NexGenData

Posted on Jun 25 • Originally published at thenextgennexus.com

Using Apify Actors for Business Intelligence Workflows

#finance #marketing #ecommerce #automation

BI teams that rely only on internal data — CRM, billing, product analytics — are working with half a map. Your dashboards tell you what you are doing, not what the market is doing around you. Competitor price changes, new 13F filings, fresh Y Combinator batches, Shopify app rankings, press releases — all of it is public, all of it is structured, and all of it can land in your warehouse on a nightly schedule if you wire it up correctly.

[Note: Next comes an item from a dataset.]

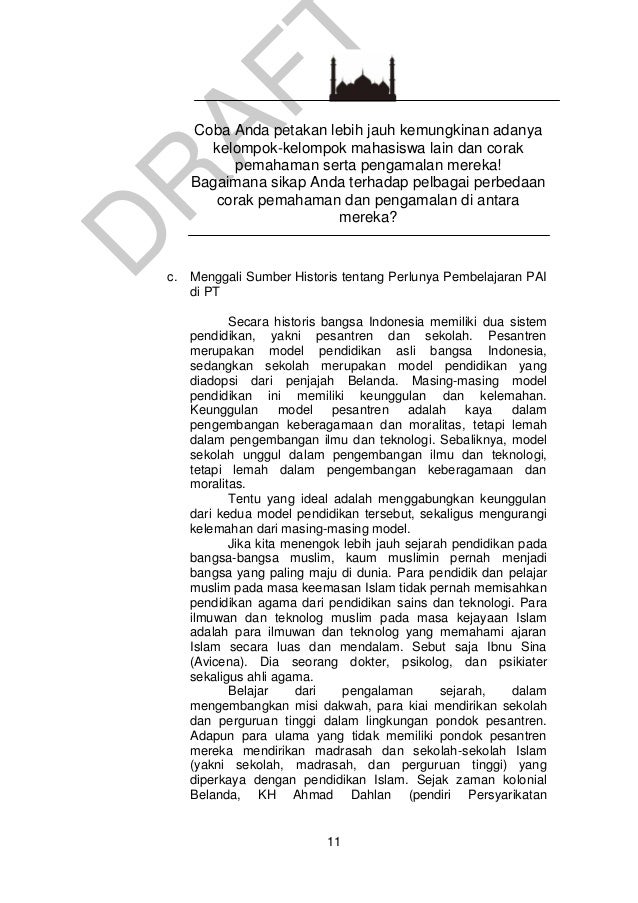 Pendidikan Agama ISlam Dalam Perguruan Tinggi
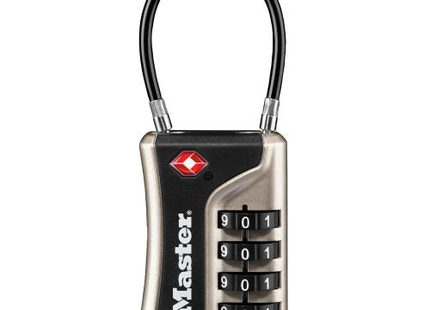 MASTER LOCK Model No. 4697D  1-3/8in (36mm) Wide Set Your Own Numeric Combination TSA-Accepted Luggage Lock with Flexible Shackle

This tutorial walks through exactly that wiring. By the end you'll have a working pattern for: scheduling an Apify actor to run nightly, exporting the dataset to S3 (or GCS, or directly to Snowflake), loading it into a warehouse table, building a dashboard view on top, and firing a Slack alert when a metric moves. We'll use real BI tooling (Snowflake, BigQuery, dbt, Airflow, Google Sheets, Looker) and real actors from the NexGenData catalog. Code samples are copy-pasteable. If you maintain a competitive-intel dashboard, a lead-gen pipeline, or a market-monitoring report, you should be able to ship something useful from this post in an afternoon.

Anatomy of an Apify actor in a BI context

An actor is a serverless scraper. You pass it JSON input (URLs, search terms, filters), it runs in Apify's cloud, and it writes results to a dataset — a key-value store that exposes the rows as JSON, CSV, XLSX, JSONL, RSS, or HTML via a stable URL.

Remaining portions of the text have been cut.